Anthony Hopkins’ role in The Silence of the Lambs won him his first (of two) Oscar for best actor.
Two-time Oscar winner Anthony Hopkins still considers the role of Hannibal Lecter in The Silence of the Lambs to be “one of the best parts” he’s ever read.
The Oscar-winning actor recently talked to People magazine about the film and recalled when he first got the script from his agent while doing the play M. Butterfly in London.
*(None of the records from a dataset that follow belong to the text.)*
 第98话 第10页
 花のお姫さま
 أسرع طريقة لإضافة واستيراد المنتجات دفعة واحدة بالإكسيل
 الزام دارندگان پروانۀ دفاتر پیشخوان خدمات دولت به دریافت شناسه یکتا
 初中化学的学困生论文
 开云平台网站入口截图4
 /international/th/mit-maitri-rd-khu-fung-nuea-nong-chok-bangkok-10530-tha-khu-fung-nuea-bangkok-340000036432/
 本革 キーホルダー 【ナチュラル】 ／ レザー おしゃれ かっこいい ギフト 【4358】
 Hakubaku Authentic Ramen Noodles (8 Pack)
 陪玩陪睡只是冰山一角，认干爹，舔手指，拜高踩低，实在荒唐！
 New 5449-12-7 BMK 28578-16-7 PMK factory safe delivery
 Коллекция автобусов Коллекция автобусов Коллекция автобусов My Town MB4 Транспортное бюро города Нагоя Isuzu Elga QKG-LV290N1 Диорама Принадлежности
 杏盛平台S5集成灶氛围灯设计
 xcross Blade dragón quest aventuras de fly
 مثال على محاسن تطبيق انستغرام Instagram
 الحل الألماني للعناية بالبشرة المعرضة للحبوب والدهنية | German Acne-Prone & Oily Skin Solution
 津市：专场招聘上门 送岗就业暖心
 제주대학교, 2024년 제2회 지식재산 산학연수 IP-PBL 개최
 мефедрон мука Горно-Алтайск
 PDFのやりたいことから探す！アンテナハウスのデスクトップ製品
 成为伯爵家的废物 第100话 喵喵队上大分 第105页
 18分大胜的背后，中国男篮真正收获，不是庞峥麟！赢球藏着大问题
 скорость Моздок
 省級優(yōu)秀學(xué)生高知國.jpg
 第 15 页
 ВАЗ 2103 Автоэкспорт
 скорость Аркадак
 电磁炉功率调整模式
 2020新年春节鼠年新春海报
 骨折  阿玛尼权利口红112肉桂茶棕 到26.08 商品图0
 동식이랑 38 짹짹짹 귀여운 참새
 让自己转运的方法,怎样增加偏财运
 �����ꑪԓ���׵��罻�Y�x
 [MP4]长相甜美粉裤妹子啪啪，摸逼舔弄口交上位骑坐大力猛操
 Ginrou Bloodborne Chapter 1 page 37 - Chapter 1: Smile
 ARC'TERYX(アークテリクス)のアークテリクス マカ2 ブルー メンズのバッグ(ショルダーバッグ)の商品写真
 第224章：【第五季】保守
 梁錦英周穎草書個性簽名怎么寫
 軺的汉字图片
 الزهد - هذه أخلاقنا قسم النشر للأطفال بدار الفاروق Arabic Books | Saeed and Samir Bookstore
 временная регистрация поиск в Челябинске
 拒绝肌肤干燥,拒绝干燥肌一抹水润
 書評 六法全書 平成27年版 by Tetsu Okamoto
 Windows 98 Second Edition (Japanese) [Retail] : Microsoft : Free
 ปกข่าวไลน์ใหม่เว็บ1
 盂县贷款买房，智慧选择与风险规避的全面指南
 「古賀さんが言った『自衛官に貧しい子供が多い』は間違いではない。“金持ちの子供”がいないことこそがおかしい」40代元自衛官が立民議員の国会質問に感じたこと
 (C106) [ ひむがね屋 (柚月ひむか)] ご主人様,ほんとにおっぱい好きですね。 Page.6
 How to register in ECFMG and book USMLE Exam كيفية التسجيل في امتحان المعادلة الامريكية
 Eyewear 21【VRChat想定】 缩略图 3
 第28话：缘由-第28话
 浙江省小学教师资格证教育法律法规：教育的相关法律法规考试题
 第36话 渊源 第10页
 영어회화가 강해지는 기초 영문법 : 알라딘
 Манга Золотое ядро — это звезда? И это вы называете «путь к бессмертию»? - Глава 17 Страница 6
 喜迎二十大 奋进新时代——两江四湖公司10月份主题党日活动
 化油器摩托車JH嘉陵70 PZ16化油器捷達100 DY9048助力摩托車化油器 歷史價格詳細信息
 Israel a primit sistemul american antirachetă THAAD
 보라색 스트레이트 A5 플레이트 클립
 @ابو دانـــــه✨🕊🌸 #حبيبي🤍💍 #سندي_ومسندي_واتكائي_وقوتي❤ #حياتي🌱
Originally, Hopkins thought the film was a children’s story because of its name.
“My agent said, ‘I want you to read this,’” he shared. “I said, ‘Is it an offer?’ He said, ‘It’s a film with Jodie Foster called The Silence of the Lambs.‘”
Hopkins later found out that director Jonathan Demme did want him for the role, so badly, in fact, that he flew to London from New York to see his eventual starring man in the play he was working on at the time.
“We went out afterwards, and we had some dinner,” Hopkins recalled. “And I said, ‘Why’d you cast me?’ He said, ‘Why? Have you got problems?’ I said, ‘No, no. Why did you cast me?’”
He continued, “So we talked, but I knew how to play the part, and I don’t know. I do have an instinct about these roles. I could understand Lecter. I could understand the mystery of the man, the loner, the isolated voice in the dark, the man at the top of the stairs who’s not really there.”